Home Exam 2: Evaluation of Transports for Application Running in a Cluster

In this assignment you will evaluate the performance of different transports available in the compute cluster at NopBox.

  • Compare and evaluate the performance of Gigabit Ethernet, IP over PCI Express (IPoPCIe) and SuperSockets.

  • Write a report where you present the evaluation and the main conclusions.

  • Create a poster (2 x A3 pages) that the group will present on May 4th.

Scenario /  Testbed

The assignment will be graded based on the groups’ ability to produce useful and correct information within the boundaries of the given time and resources.

You must design a set of experiments to be performed on the testbed provided for the assignment.

The scenario in this assignment is the same clous service provider, that needs to do some processing in the data center. The cloud provider has a 8-node cluster available for your evaluations. You should give a recommendation what kind of transport they should use for their MPI applications. In addition to standard Gigabit Ethernet the machines are connected in a PCI Express network, and you can also use IP over PCI Express (IPoPCIe) or SuperSockets.

For you tests, try to use only two nodes. All nodes are connected on a 8-port PCI Express switch, and the cost is equal to communicate will all nodes in the cluster. There are several interesting metrics to measure, however, the most important metrics that should be covered are throughput and latency. For this assignments you can use the OSU benchmarks in the MPI-library (located in the /opt/osu directory.), you are also are also free to write your own.

You are free to use the built-in tools to do measurements (located in the /opt/DIS/bin directory), you are also free to modify the test applications or write your own benchmarks. If you choose to do your own benchers It Is important that this is documented in your report.

There are several options (shown both in the group session and lecture) where you can adjust the properties off all three transports. It is expected that you do some experimenting and give a through evaluation of the optimal setting for the cluster.

We encourage you to discuss the challenges and techniques across groups to reduce the overhead in attaining a new field of knowledge.

Report

You must write up the results as a technical report of no more than 4 pages in ACM format. It is expected that such a report includes the core elements presented in the lectures under  “A systematic approach to performance evaluation”.The results must be based on your own experiments and your own data.

The report is evaluated by writing quality, clarity of presentation, by the trustworthiness and correctness of the results.
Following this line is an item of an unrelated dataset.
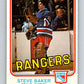 1981-82 O-Pee-Chee #231 Steve Baker  New York Rangers  V31141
The evaluation does not consider whether related work (citations of other papers) is included.

Evaluation Details

In our evaluation of the reports, we will focus on the following elements:

  • Choice of metrics, workloads, system configuration parameters and methodology for the experiments

  • Use of statistical sound methods when analysing the data

  • Disposition of the available time (ability to collect and present useful information within the boundaries of the available resources)
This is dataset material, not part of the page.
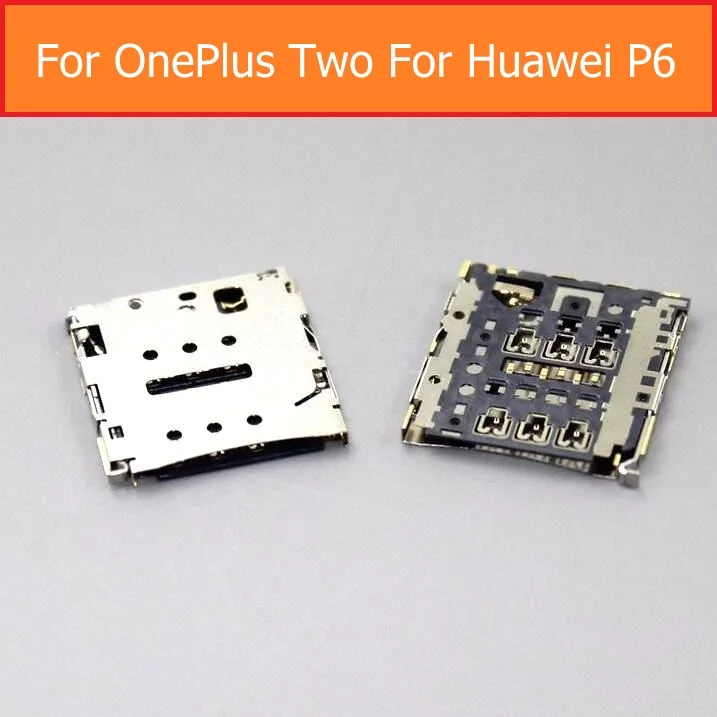 1 шт. гнездо sim-карты держатель для huawei P6 слота для sim-карт лоток sim-считыватель В комплект поставки входит адаптер для 1+ 2 SIM гнездо заменитель адаптера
  • Objectivity in defining the work, choosing metrics and workloads, in the analysis and in presenting the results

  • Transparency of reporting (exposure of assumptions and limitations to the reader)

  • Clarity of presentation

Bonus elements:

  • Analysis of metrics, beyond the core metrics listed above, that helps illustrate the qualities of the different transport mechanisms.

  • Custom workloads on the OpenMPI testbed.

  • Evaluate one or more applications such as distributed training of neural networks (i.e. TensorFlow) or databases.

 

Formalities

The deadline for handing in your assignment is: Friday, April 28th at (23:59:59.999).

Deliver your report (as PDF) at https://devilry.ifi.uio.no/.

The groups should also prepare a poster (2 x A3 pages) and a quick talk (max 5 minutes without slides) where you pitch your poster for the class on May 4th. Name the poster with your group name, and e-mail the poster by email to inf5072@ifi.uio.no no later than noon (12:00) on May 2nd. We will then print the poster for you.

For questions and course related chatter, we have created a Slack space:

https://mpglab.slack.com/messages/inf5072/

 

There will be a prize for best poster/presentation (awarded by an independent panel and independent of the grade).

Please check the Dolphin & Cluster FAQ page for updates and FAQ.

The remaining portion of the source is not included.